Transcription and Diarization

Wraps a few open source models to transcribe, diarize and optionally tag a specific speaker.

Briefly,

Transcribe: Extract the audio from video (.mp4) files and convert the audio to text (speed-to-text).
Diarize: Adds speaker tags to the transcript for multiple speakers. The speaker tags are generic markers, e.g. SPEAKER_01, SPEAKER_02, etc.
Speaker Identification: Replaces the generic speaker tag with a configured speaker name using available audio sample embeddings of the speaker.

Models

Fast Transcriber - transcription and diarization
Pyannote - audio embedding model for speaker identification

Solution Projects

TranscriptionServiceHost

An F# windows service that exposes a SignalR connection to process transcription requests. The service queues incoming 'jobs' and processes them serially. The client is notified when the job is done.

Transcription, diarizaton and speaker identification are compute intensive and so the service is meant to run on a GPU-enabled machine. The intent is to increase the utilization of the GPU infrastructure by making it more easily shareable.

TranscriptionClient

An F# GUI application to submit jobs to the service. The client uploads the .mp4 files to the service and triggers the processing. When server processing is complete, the client downloads the transcript (.vtt) files.
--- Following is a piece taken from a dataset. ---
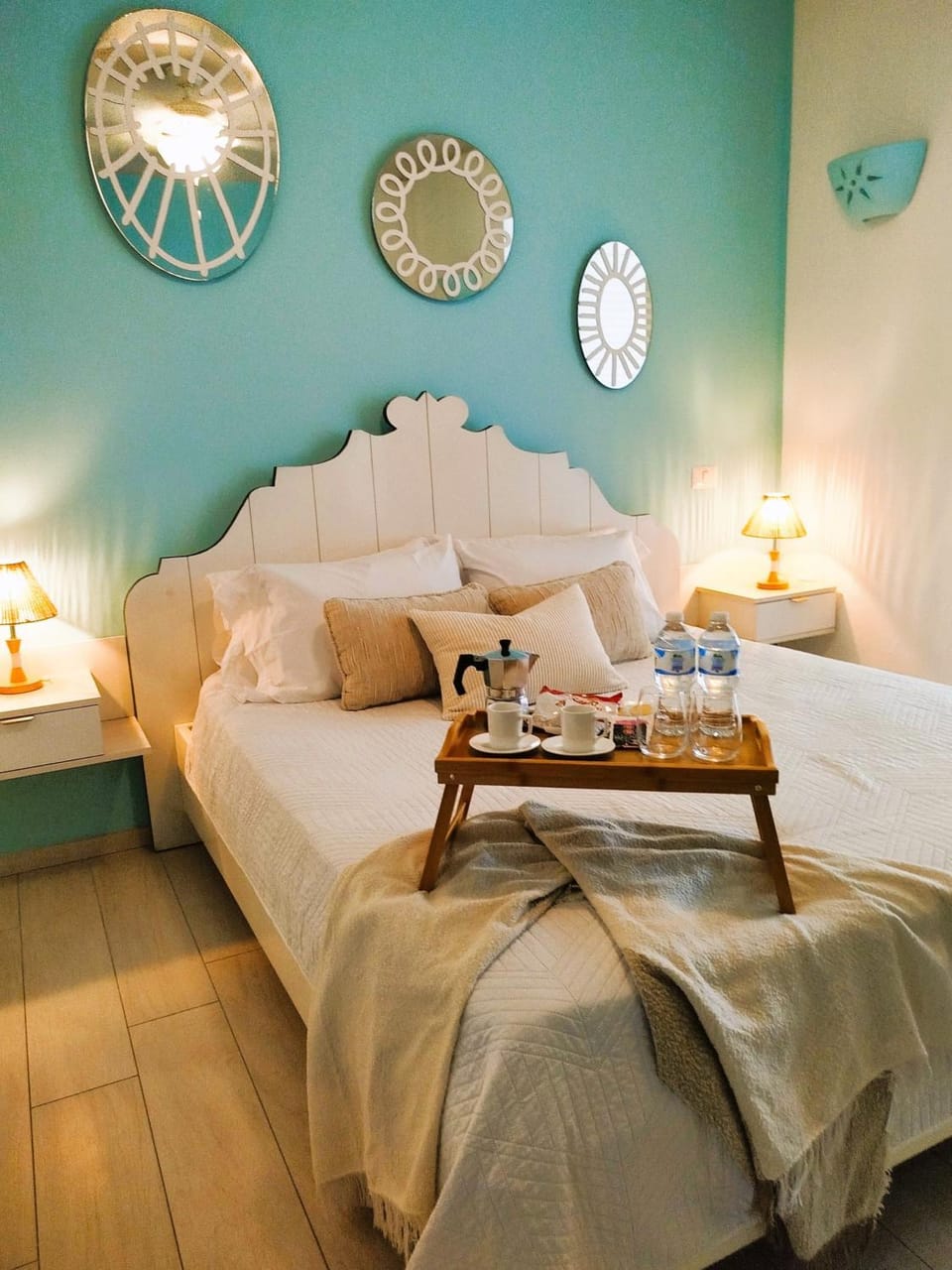 Bed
Client UI - built with Avalnoia FuncUI

The client uses SSH protocol for secure data exchange. And uploaded files are deleted by the service after the job is complete.

TranscriptionService

Contains core logic for transcription and diarization. Also contains the script ExtractSpeakerEmbeddings.fsx that can be used to extract the audio embeddings for speaker identification.

TranscriptionInterop

Common definitions shared between client and server